Ore 7,42. Quella mattina non sapevamo

Ci sono delle date, nella vita di ciascuno di noi, che rimangono impresse nella memoria più di altre. Siamo in grado di ricordare esattamente cosa stavamo facendo nel momento in cui la storia ci è passata accanto.

Sono in grado di ricostruire anche i pensieri che mi passavano per la testa il giorno in cui fu ritrovato il cadavere dell’onorevole Aldo Moro nel portabagagli della Renault rossa in via Caetani. Ricordo ogni attimo dell’attacco alle Twin Towers, lo schianto le grida il fumo: so dov’ero, che stavo facendo.

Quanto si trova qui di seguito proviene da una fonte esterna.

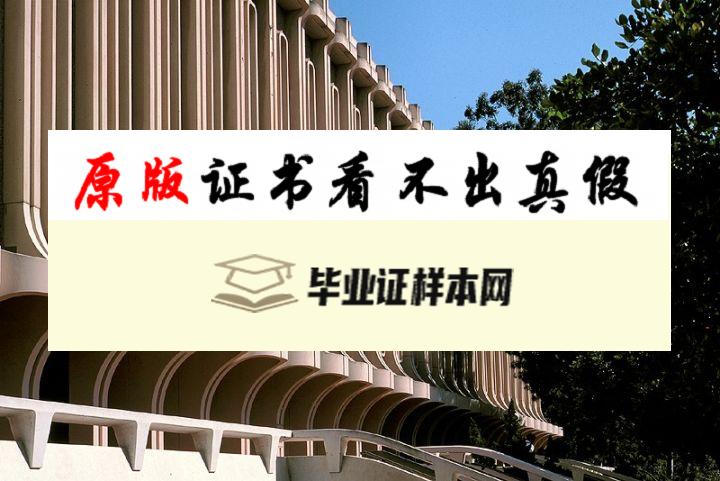 美国​加州大学洛杉矶分校毕业证书模板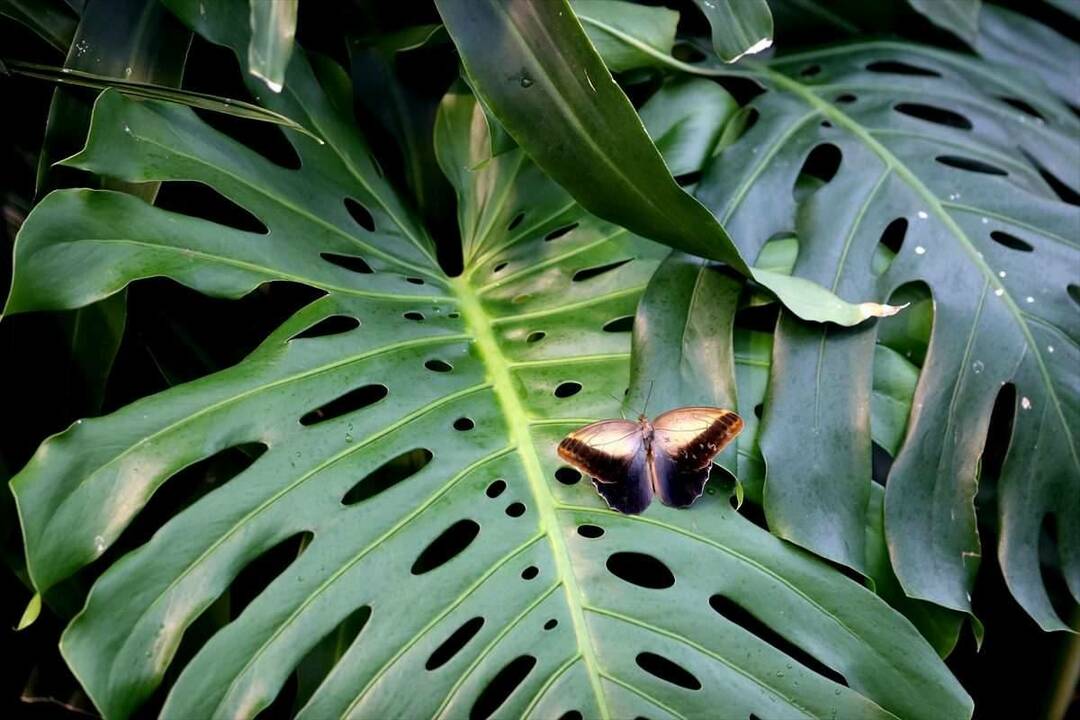 Grote belangstelling voor Konya Tropical Butterfly Garden: 3 miljoen bezoekers in 8 jaar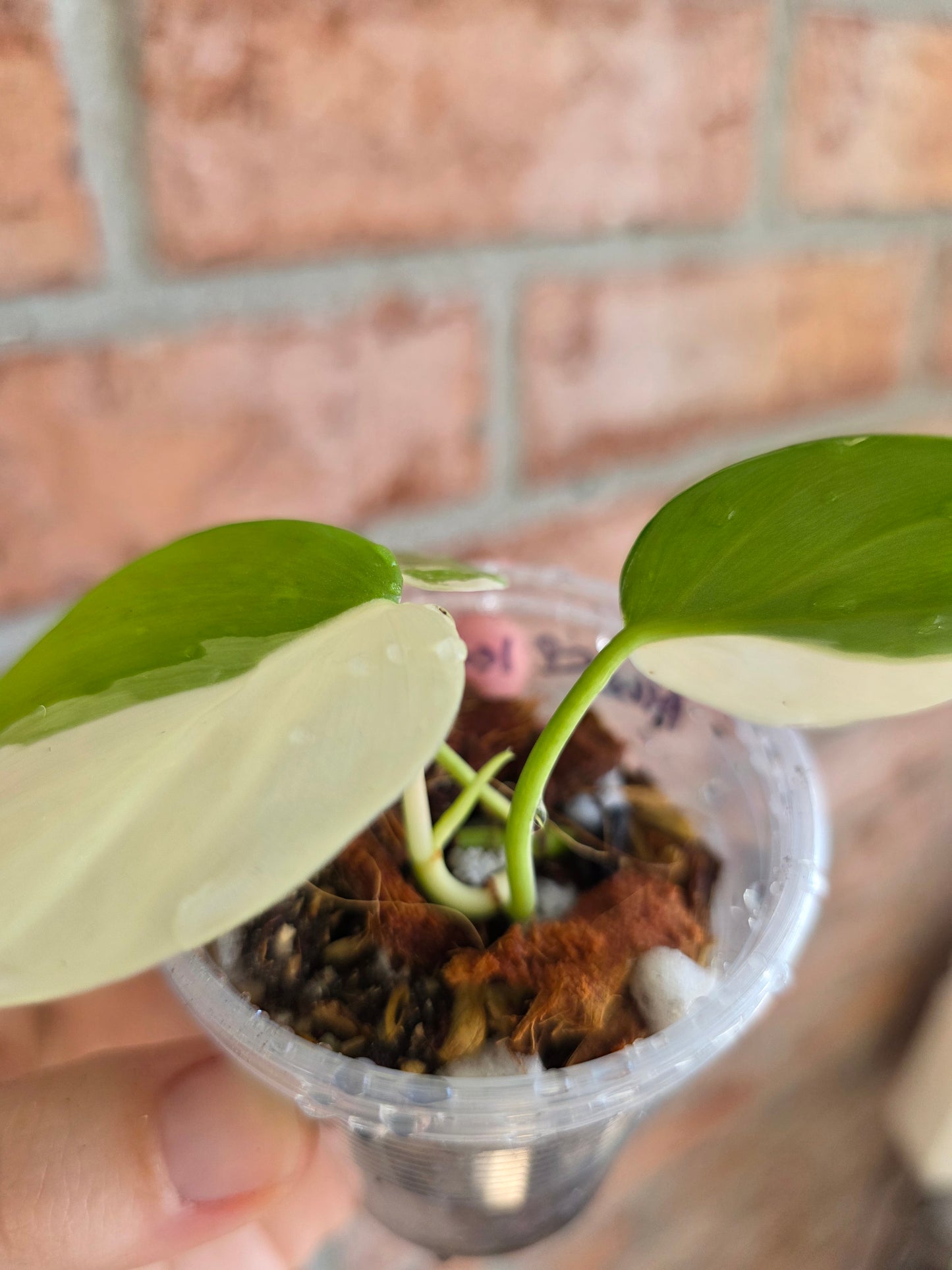 Philodendron Hederaceum Albo Variegata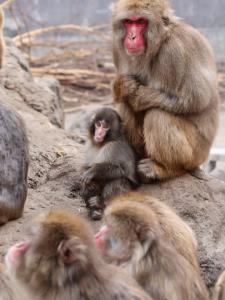 Photo: ichikawa_zoo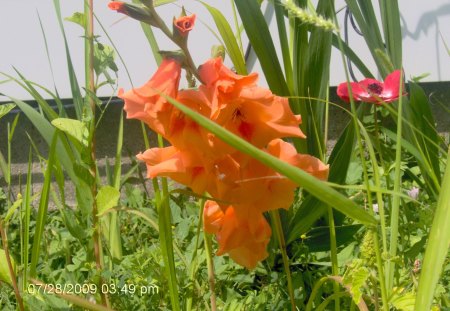 Orange Gladiolus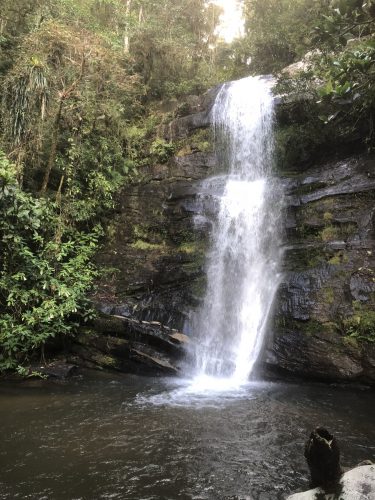 Madagascar_fieldwork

19 maggio 2012, ore 7,40. Ultimi preparativi prima di uscire di casa. Devo accompagnare mio figlio al Classico e andare a scuola a fare lezione.
Ore 7,41. Siamo per le scale. Ci apprestiamo a salire in macchina
Ore 7,42. Un boato squarcia la sonnolenta mattina di un sabato di fine anno scolastico.
Abbiamo pensato all’esplosione di un’auto…poi ad una bomba presso qualche negozio.
Non c’era il tempo per informarsi…Telefonare? A chi? Dove?
Ci immettiamo nel traffico di Viale Aldo Moro. Già qualche sirena in lontananza. Polizia, Vigili del Fuoco, ambulanza. Non si capisce.
Esco dal viale e “taglio” per via Giuseppe di Vittorio, costeggio il Magistrale.
Intuisco solamente il delirio che si sta impossessando della città e di quelle strade piene di studenti e genitori frettolosi.
Proseguo verso il Morvillo Falcone, con l’intento di sbucare al semaforo di via Galanti e percorrere il breve tratto di fronte al tribunale per poi imboccare via Nardelli…
Un’auto della Polizia è messa di traverso a sbarrare il transito. Sinistri lampi azzurri fanno pensare al peggio.
Polizia, Vigili, ambulanze sono concentrati lì, davanti a quella che è anche la “mia” scuola. E quella è l’ora in cui gli studenti si apprestano ad entrare: sono sorridenti, rassegnati ad affrontare l’ultima sfida della settimana. E’ sabato…tutta una giornata e una vita davanti!
I miei alunni dello Scientifico Tecnologico hanno le loro aule al secondo piano dell’edificio. Ma no…i ragazzi non si toccano. Sarà dell’altro.
Non posso proseguire. Torno indietro e cerco di raggiungere la scuola di mio figlio passando dietro alla Marco Pacuvio. Viale San Giovanni Bosco è bloccato. Proseguo per via Villafranca e riesco a passare.
Arriviamo in via Nardelli. Gli studenti, i genitori, i professori del Classico sono tutti fuori. Si guardano attoniti e disorientati. Sono arrivate le prime notizie.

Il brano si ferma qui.